• **AIM OF THE EXERCISE**:
Pictures in the material below are to be left out, and only the lines from the line with "SALE ✨ NWT Banana" up to and including the line with "Gender reveal confetti shotgun geheim huren" are to be written out exactly.

• **DATA LISTING**:

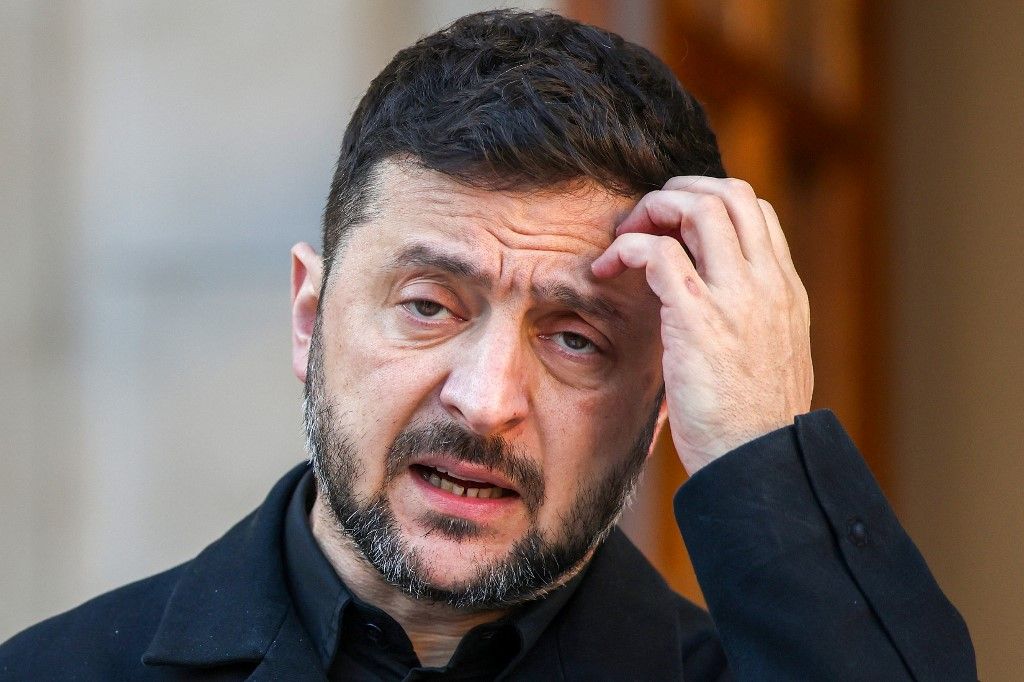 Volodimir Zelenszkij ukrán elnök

---

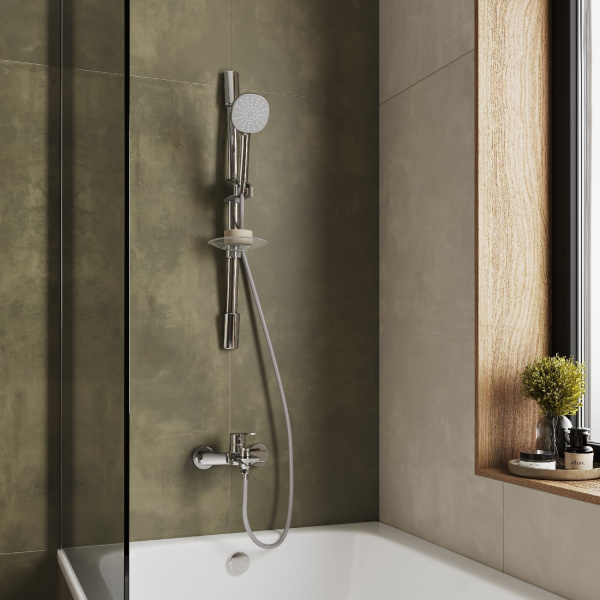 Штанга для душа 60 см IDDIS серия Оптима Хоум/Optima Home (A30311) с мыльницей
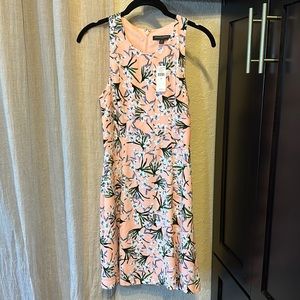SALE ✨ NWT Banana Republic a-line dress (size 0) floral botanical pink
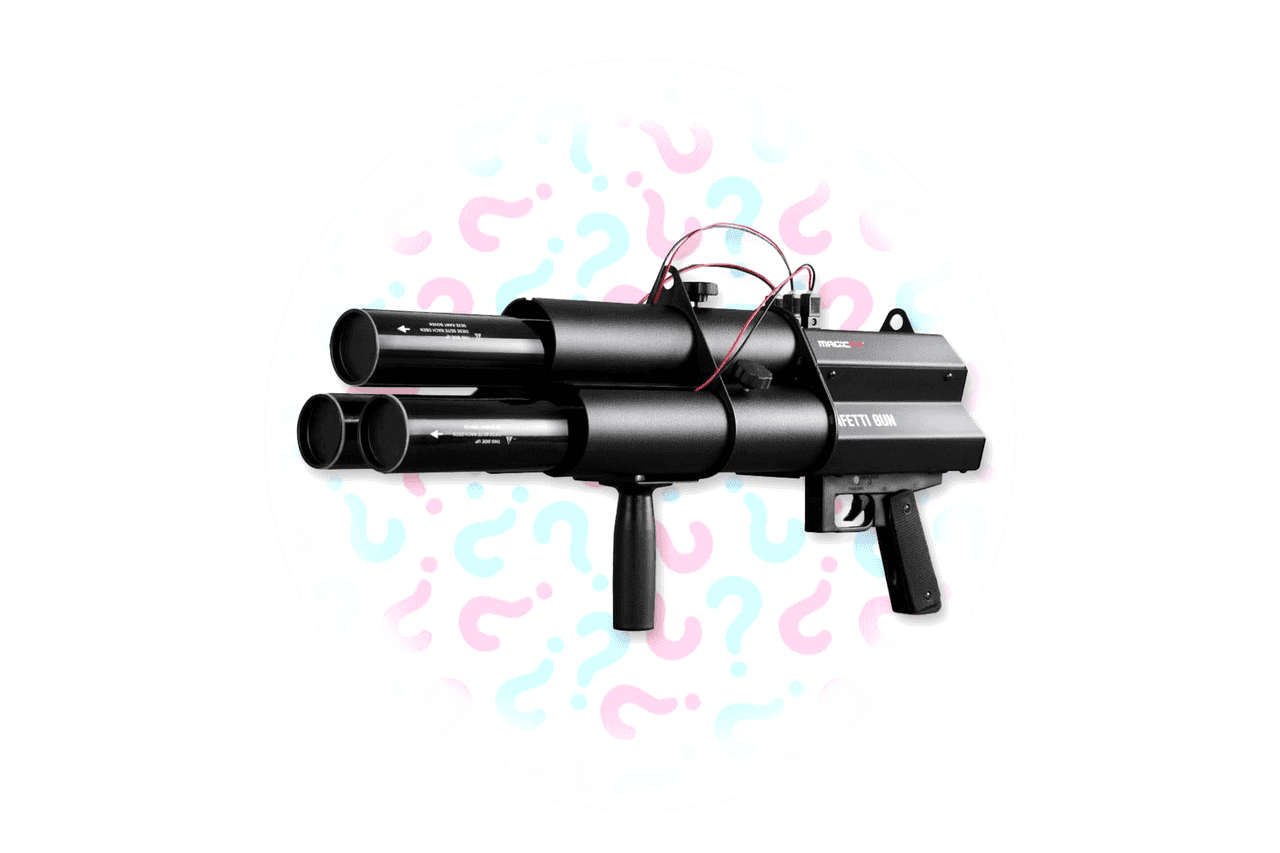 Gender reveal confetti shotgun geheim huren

• **PROBLEM SOLUTION**:
SALE ✨ NWT Banana Republic a-line dress (size 0) floral botanical pink
 Gender reveal confetti shotgun geheim huren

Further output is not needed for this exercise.